Motilal Oswal Flags 67% Upside for Groww
Brokerage house Motilal Oswal has initiated coverage on Groww, the parent entity Billionbrains Garage Ventures Ltd., with a strong 'buy' recommendation and ambitious price targets. The firm's optimistic outlook sees shares potentially climbing to ₹260 by fiscal year 2028 under a bull case scenario, signaling a substantial 67% jump from current levels.
Market Dominance and Diversification Strategy
Groww has rapidly ascended to become India's premier retail broking platform, commanding a 26.8% market share in November. This expansion has seen the company evolve beyond just broking to encompass commodities and wealth management. Motilal Oswal highlights Groww's strategic moves to diversify revenue streams, anticipating a reduction in broking's revenue contribution from 85% to 67% by FY28.
Margin Expansion and Earnings Growth
The brokerage forecasts significant operational improvements, with EBITDA margins expected to widen to 66% by FY28 from the current 59%. Motilal Oswal projects revenue to grow at a compounded annual growth rate (CAGR) of 25% between FY25 and FY28, with EBITDA and Profit After Tax (PAT) each expected to expand at a 30% CAGR during the same period. The base case target of ₹185 values the stock at 28 times its FY28 estimated P/E.

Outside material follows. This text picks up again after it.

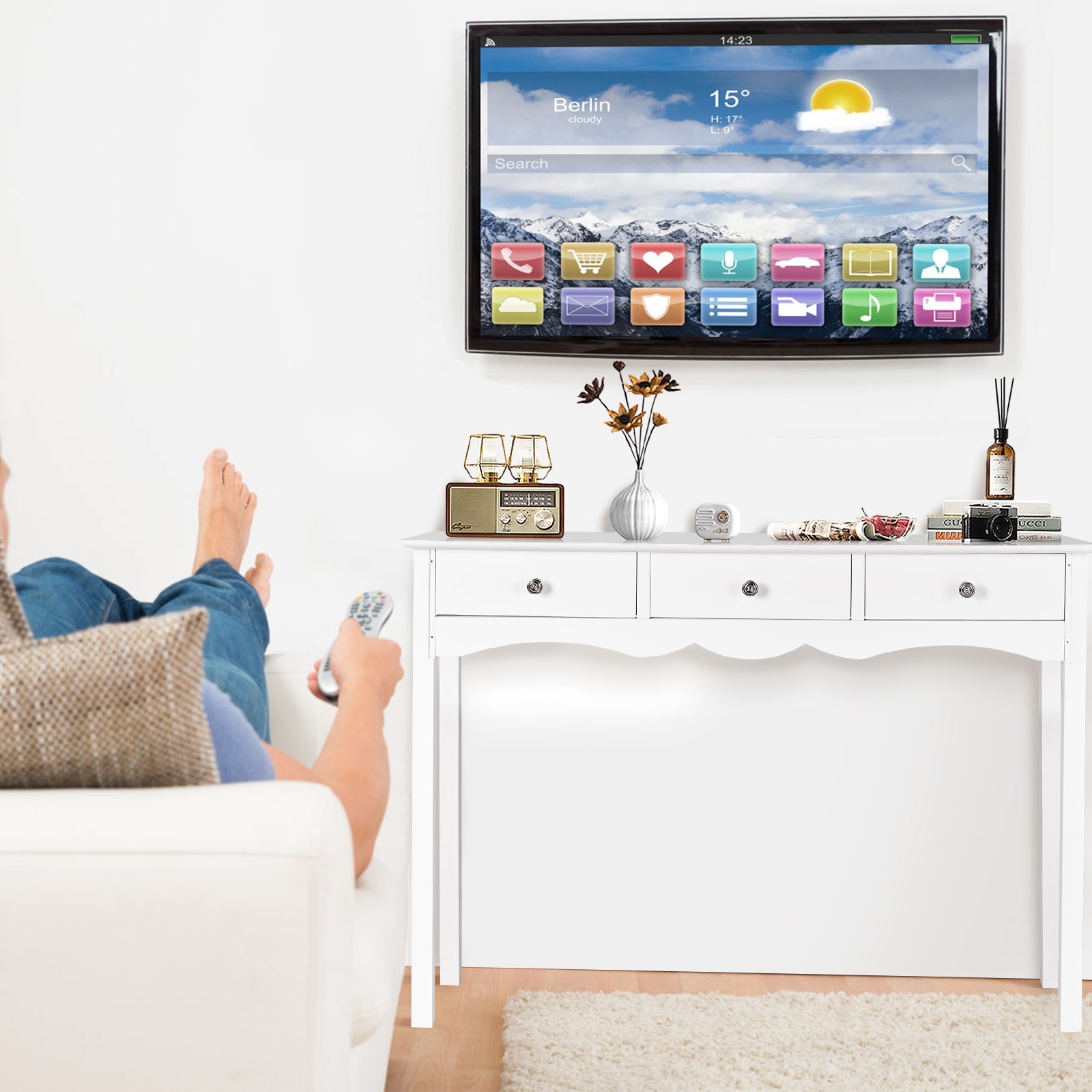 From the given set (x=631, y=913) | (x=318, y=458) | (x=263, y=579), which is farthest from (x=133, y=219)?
(x=631, y=913)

Strategic Positioning in Indian Markets
Motilal Oswal believes Groww is well-positioned to capitalize on the structurally underpenetrated Indian capital markets. The firm's analysis suggests that rising cash yields, expanded product offerings in non-derivative segments, and targeted wealth management services for affluent clients will help temper earnings volatility. This positive view aligns with a prior 'buy' call initiated by Jefferies last month.